TASK BRIEF>
In this exercise, print only the lines from the line with "Ford FOCUS Wagon" to the last line of the data below, inclusive. Any pictures should be left out.

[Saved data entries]

· · ·

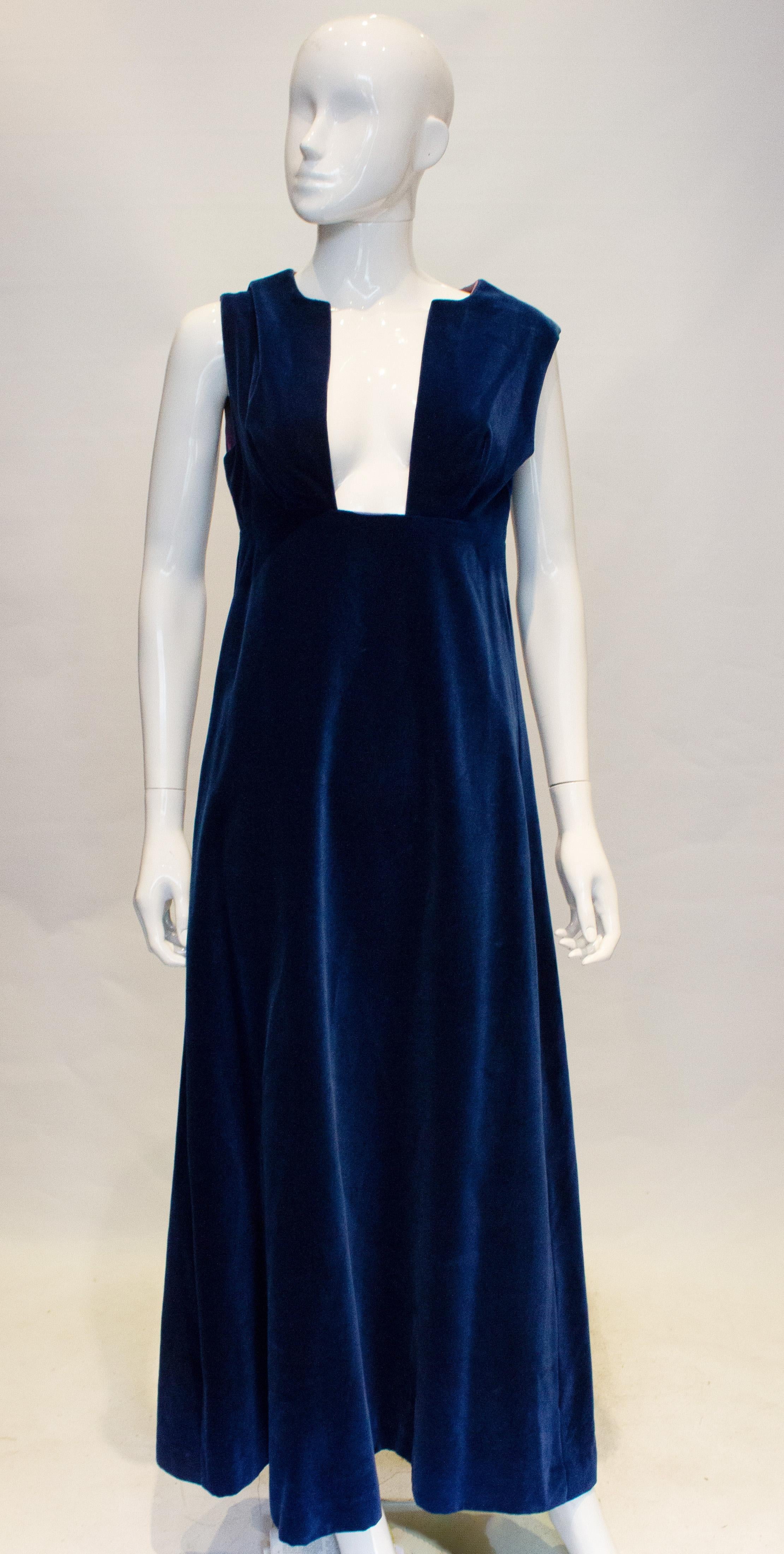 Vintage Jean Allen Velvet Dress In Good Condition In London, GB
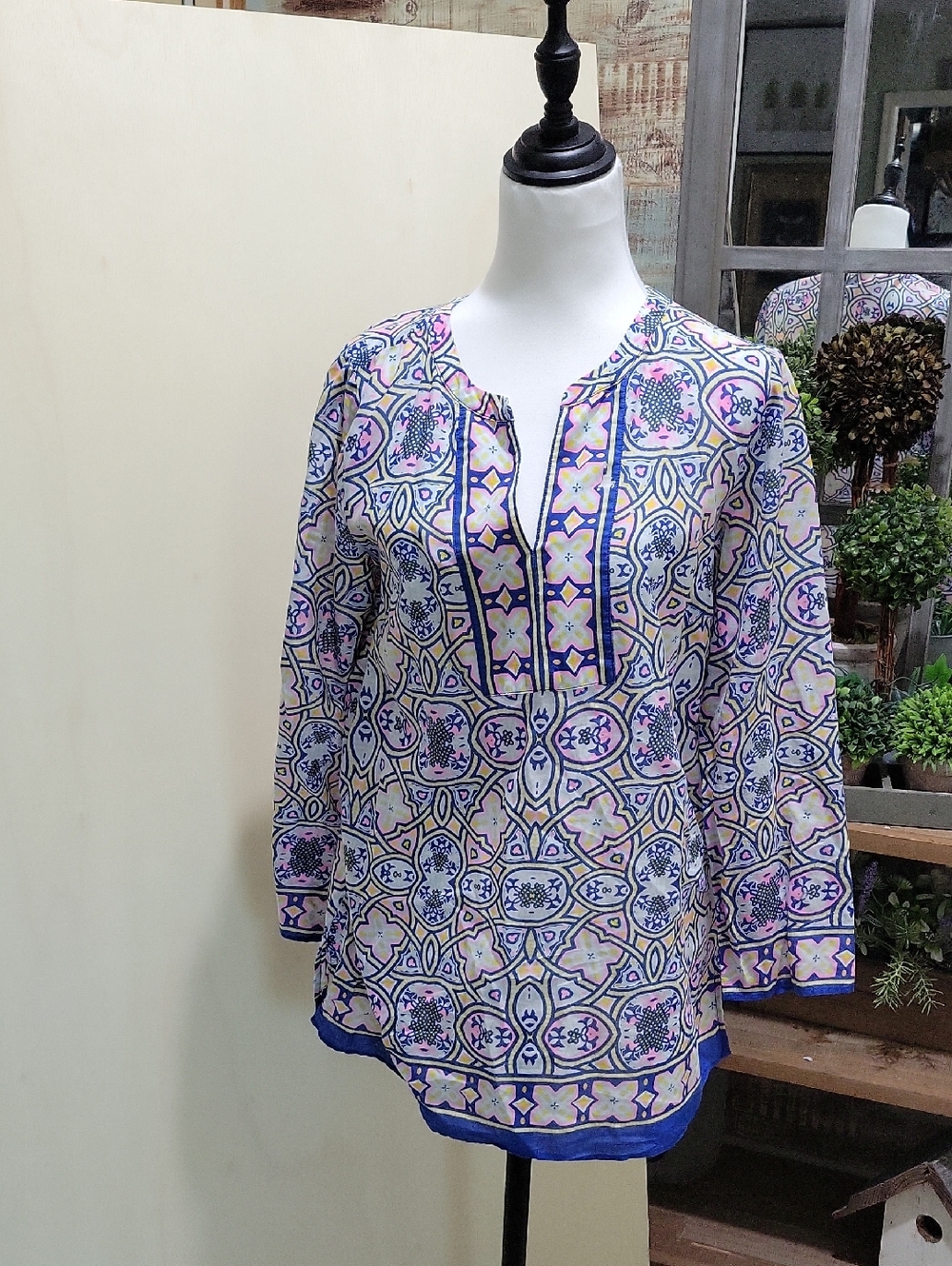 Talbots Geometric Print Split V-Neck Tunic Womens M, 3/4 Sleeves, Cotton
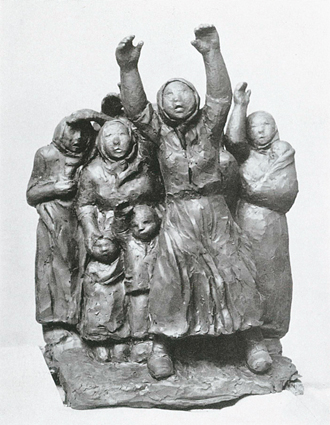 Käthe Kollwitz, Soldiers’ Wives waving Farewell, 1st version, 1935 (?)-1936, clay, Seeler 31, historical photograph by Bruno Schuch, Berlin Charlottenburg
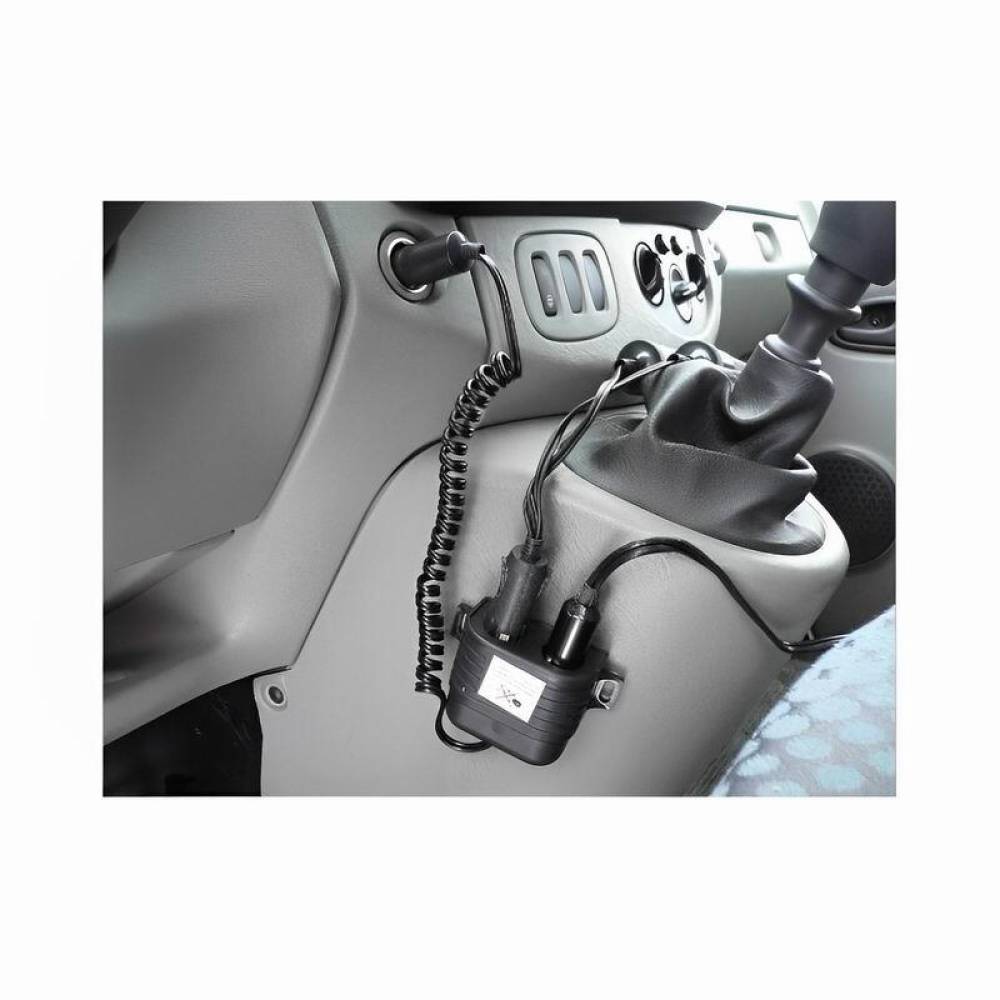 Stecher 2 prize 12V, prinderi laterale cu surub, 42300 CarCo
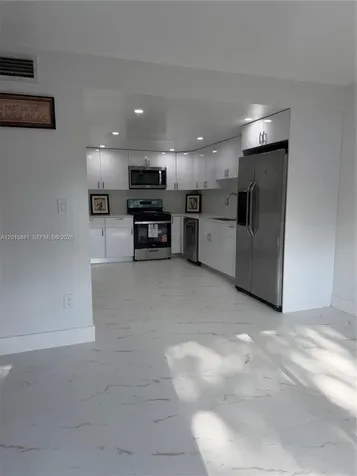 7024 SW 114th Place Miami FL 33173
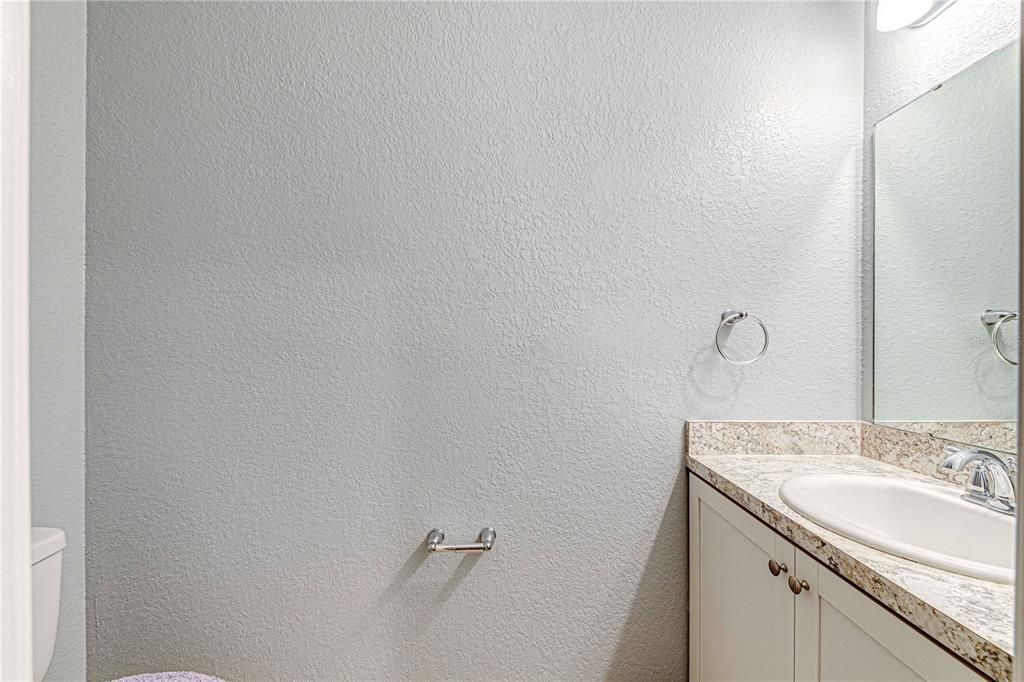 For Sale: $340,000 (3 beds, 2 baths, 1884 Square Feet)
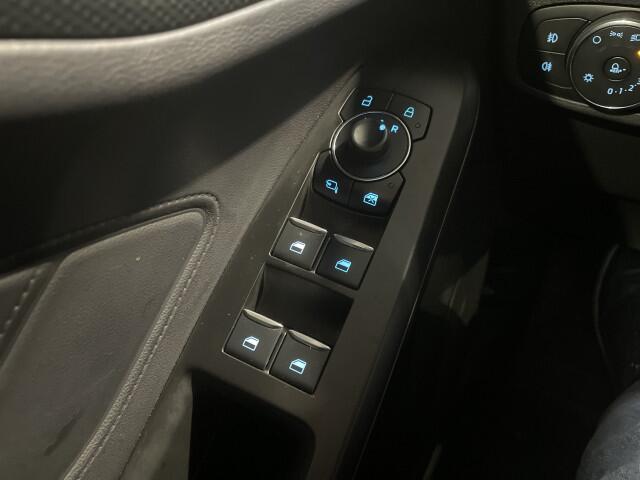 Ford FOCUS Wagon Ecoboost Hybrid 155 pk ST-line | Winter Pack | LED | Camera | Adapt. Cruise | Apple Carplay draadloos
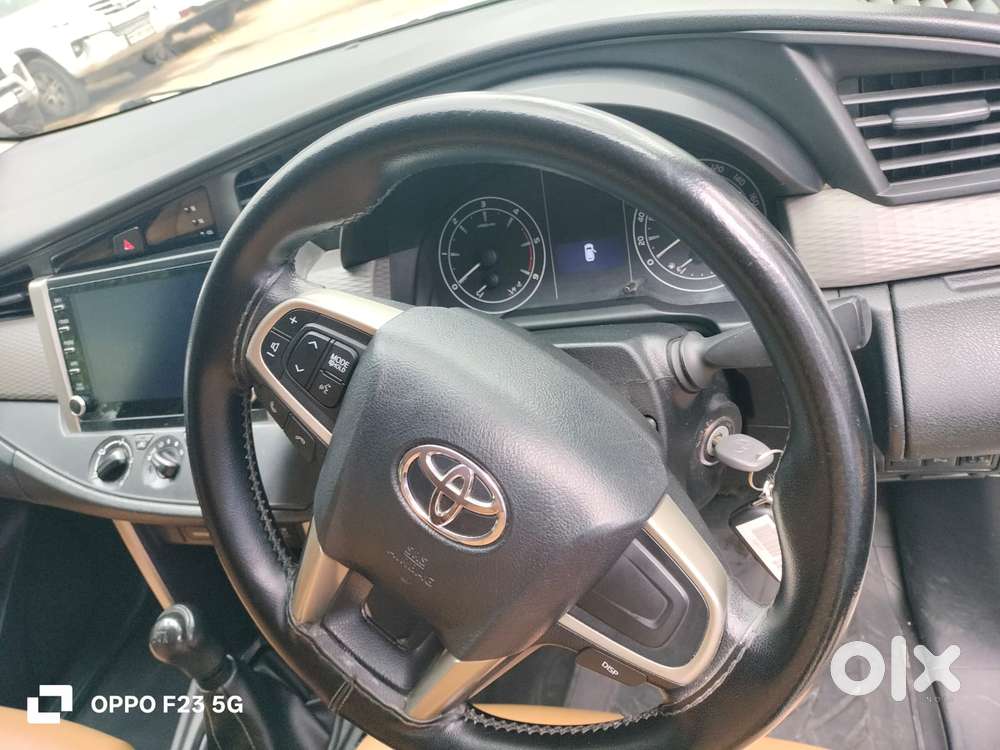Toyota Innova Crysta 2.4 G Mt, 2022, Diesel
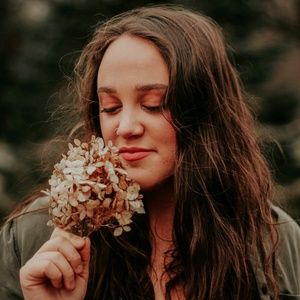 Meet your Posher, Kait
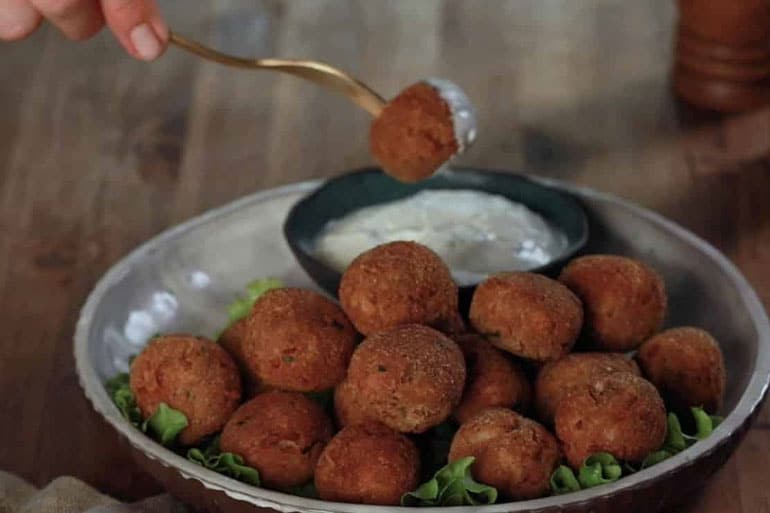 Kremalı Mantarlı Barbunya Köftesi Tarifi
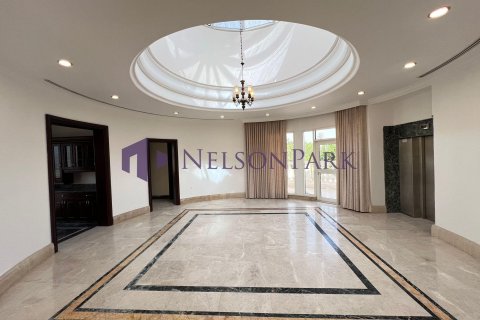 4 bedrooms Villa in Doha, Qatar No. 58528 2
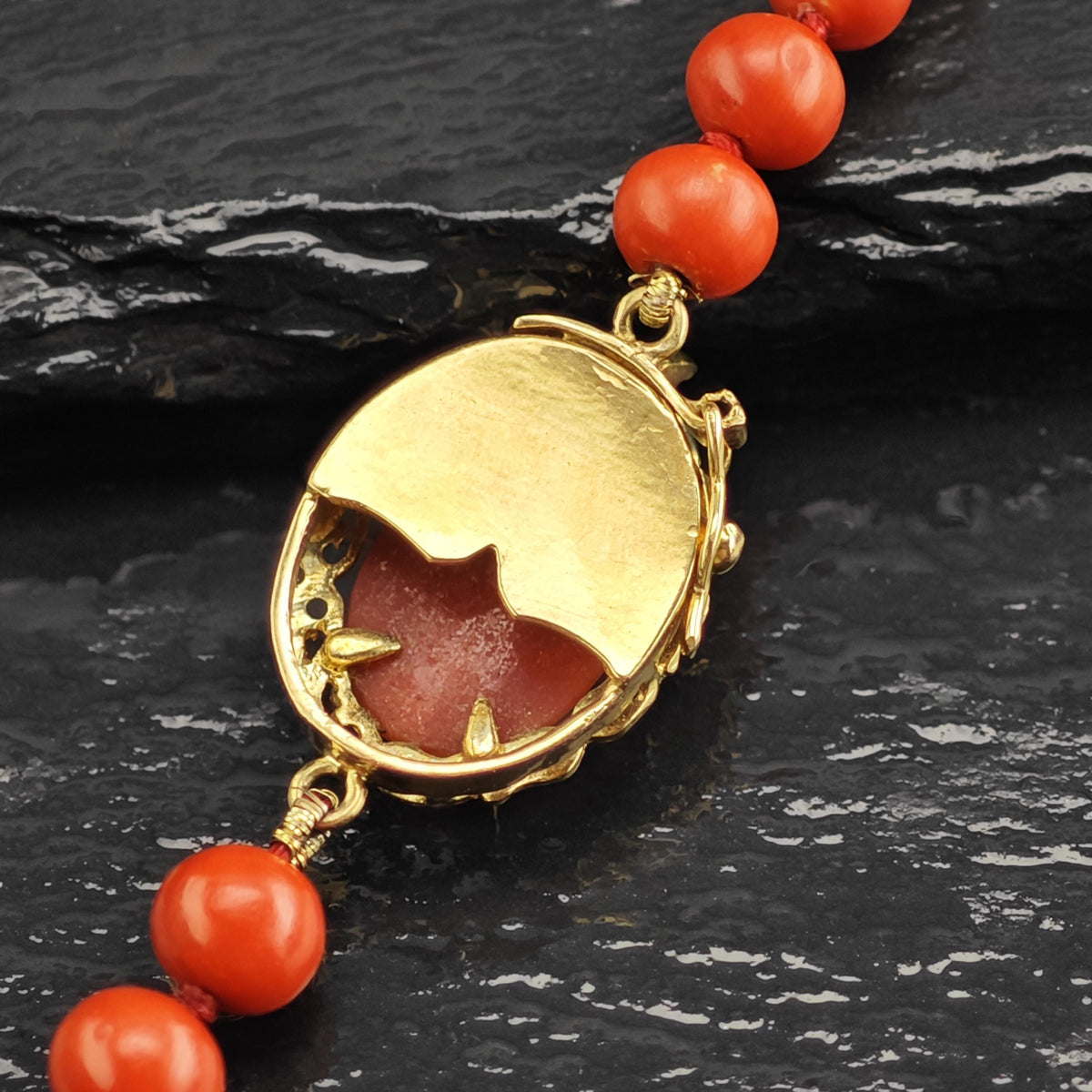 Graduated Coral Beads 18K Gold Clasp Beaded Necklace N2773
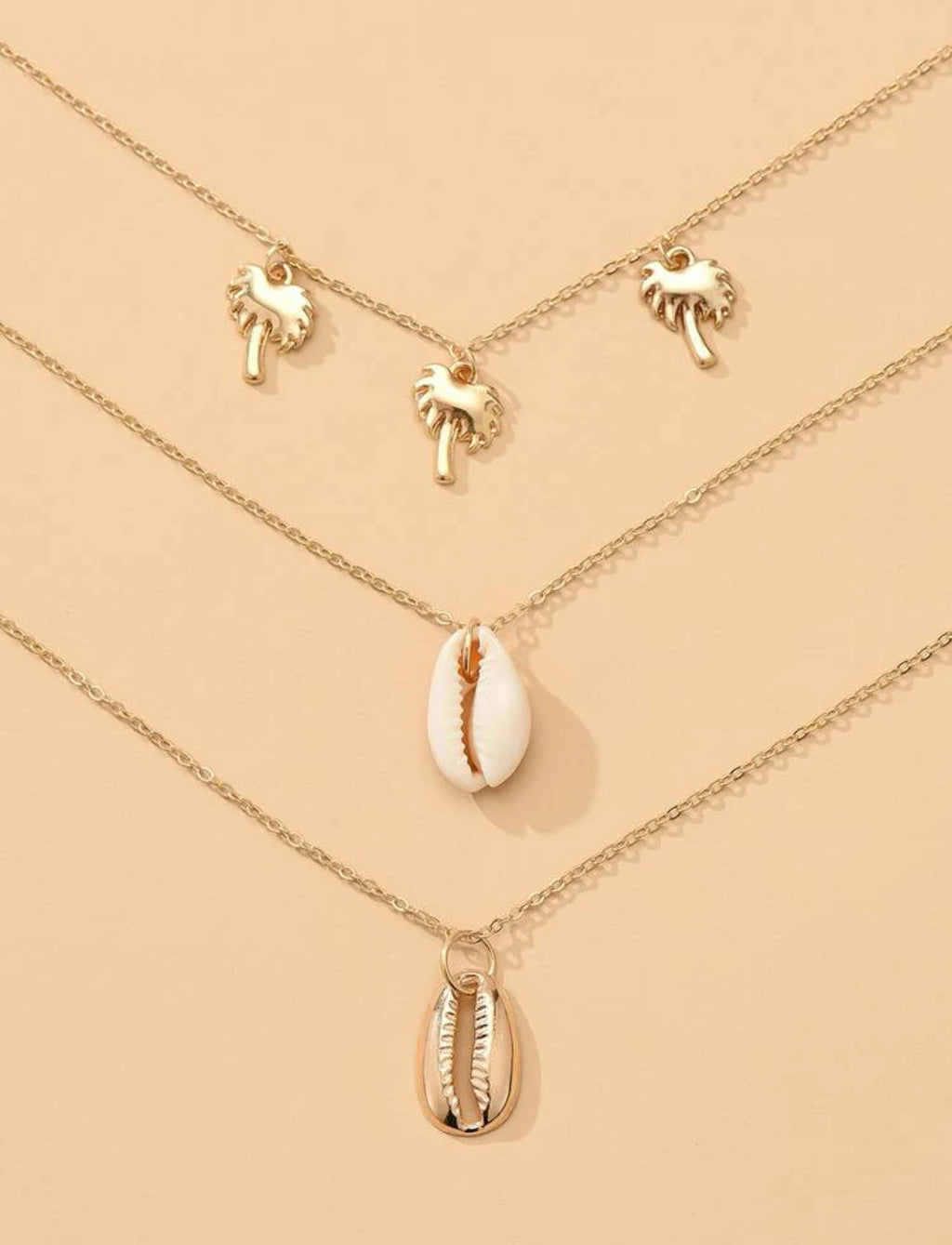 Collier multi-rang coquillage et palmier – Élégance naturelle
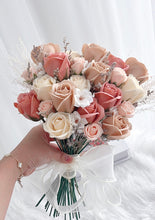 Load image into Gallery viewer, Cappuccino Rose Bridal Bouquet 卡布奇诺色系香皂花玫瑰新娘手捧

· · ·

EXERCISE ANSWER>
 Ford FOCUS Wagon Ecoboost Hybrid 155 pk ST-line | Winter Pack | LED | Camera | Adapt. Cruise | Apple Carplay draadloos
Toyota Innova Crysta 2.4 G Mt, 2022, Diesel
 Meet your Posher, Kait
 Kremalı Mantarlı Barbunya Köftesi Tarifi
 4 bedrooms Villa in Doha, Qatar No. 58528 2
 Graduated Coral Beads 18K Gold Clasp Beaded Necklace N2773
 Collier multi-rang coquillage et palmier – Élégance naturelle
 Load image into Gallery viewer, Cappuccino Rose Bridal Bouquet 卡布奇诺色系香皂花玫瑰新娘手捧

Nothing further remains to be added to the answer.